It’s cool. Broken bones are a huge turn on. NSFWish.
Passion Propeller
What Cosmo says: "Once you make the 360-degree jaw-dropping journey, you and your man will feel like sexual dynamos and may even keep on spinning for rounds two, three, and four!"
What would happen: After unimaginable pain and discomfort, both of you will agree to never try anything outside of missionary ever again.
V For Vixen
What Cosmo says: "Most men are so inflexible, they think a knee bend is an Olympic feat, so he’ll worship you as a sex goddess."
What would happen: You'll discover most women are as inflexible as men.
Submarine
What Cosmo says: "The feeling of weightlessness combined with the sensual deprivation of not being able to hear since your ears are submerged will allow you to surrender to the bliss of your partner's member throbbing inside you."

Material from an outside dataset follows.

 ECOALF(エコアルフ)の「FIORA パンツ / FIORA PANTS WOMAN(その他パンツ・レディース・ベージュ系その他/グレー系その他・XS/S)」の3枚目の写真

What would happen: Having your head partially submerged, with the water filling your ears and blocking your hearing, is all part of the charm of this position. Along with, you know, one strong thrust away from accidental drowning.
Torrid Tug of War
What Cosmo says: "Lower yourself onto his penis and wrap your legs around his back. As you’re sitting face-to-face, grab each other’s elbows and lean back against the other person’s weight — like a coy tug-of-war game."
What would happen: You'll soon discover you're both holding in gas. A lot of gas.